Their latest e-book: “Mr. Stranger’s Sealed Packet,” is a novel about a trip to Mars written in the 1890s, of which “only seven or eight copies” are known to exist, according to Singularity founder Ash Kalb.

“In six months, our circulation will be at least as large as the most established sci-fi publishers,” Kalb says.

Budding book merchants are showing similar creativity elsewhere, staging music concerts, selling digital content and mastering social networking in towns like Athens, Ga.; St. Paul, Minn.; and Prescott, Ariz., says Oren Teicher, CEO of the American Booksellers Association.

This year, newly opened mom-and-pop stores nationwide have helped fuel a double-digit sales increase after years of declines, the trade group says.

By comparison, bookstores overall have seen sales drop 1.7 percent to $11.6 billion during the past year, according to the Commerce Department.

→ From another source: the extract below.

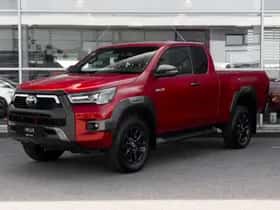 Toyota Hilux (2024) thumbnail 1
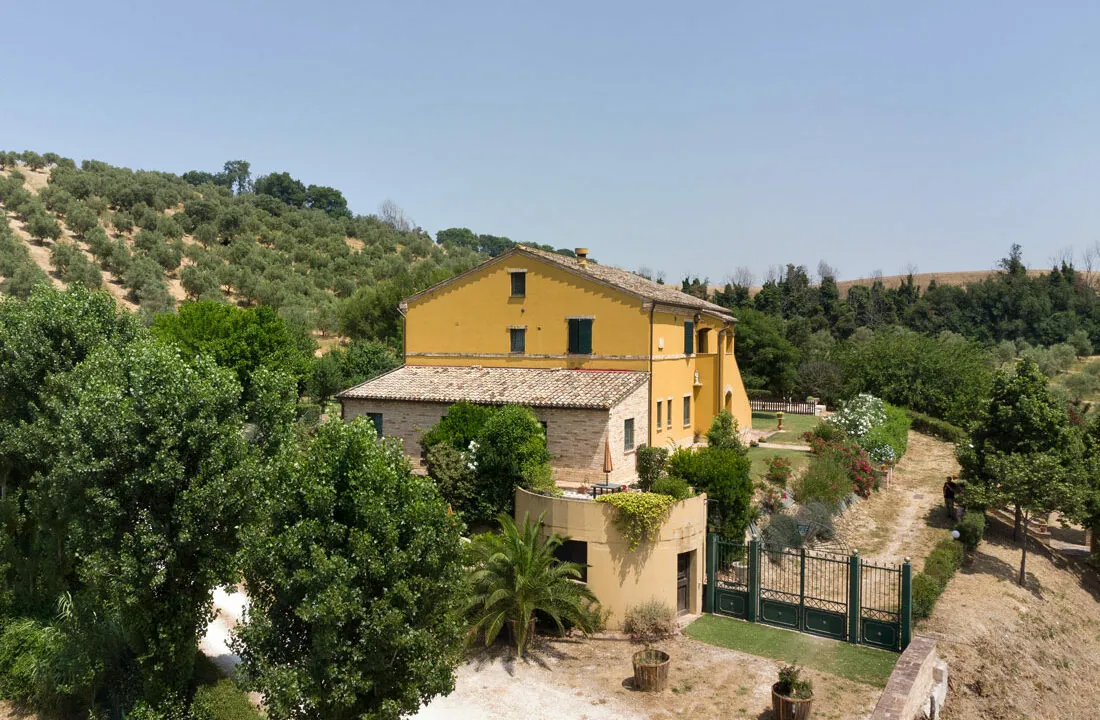 Villa-scuderi-quarantaquattro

Last week, Barnes & Noble said quarterly revenue dropped 0.4 percent, including sales of its Nook e-reader, capping a sluggish year.

Brooklyn has been a hotbed for the indie bookselling boom, with young entrepreneurs hawking hard-to-get titles and unusual services.

Heather O’Donnell, a brainy bookworm who left a teaching post at Princeton to sell rare books, tapped a deep-pocketed investor this spring to launch Honey & Wax Booksellers in Park Slope.

While prices start at less than $100, recent inventory includes a first edition of J.D. Salinger’s classic “Catcher in the Rye” ($23,000), as well as George Gershwin’s personal copy of the Jazz Age classic “Gentlemen Prefer Blondes” ($4,800).

“If you’re a student and you have to read ‘Heart of Darkness,’ you might prefer to download it onto your Kindle,” O’Donnell says. “But if you end up loving it and it’s a milestone in your life, you might want a nice copy.”

If the books aren’t selling, then try booze, says 28-year-old Matthew Winn.

Having opened Molasses Books in Bushwick in July, Winn is now brewing coffee, with plans to add beer and wine to the menu next month.

Still, Winn says customers are plentiful and his tiny shop is already “making enough to pay the rent.” He isn’t sweating the fact that another bookstore, Human Relations, recently opened just eight blocks down the street.

“I send customers to them if I don’t have something, and they send people to me,” Winn said. “We hang out together. It’s nice.”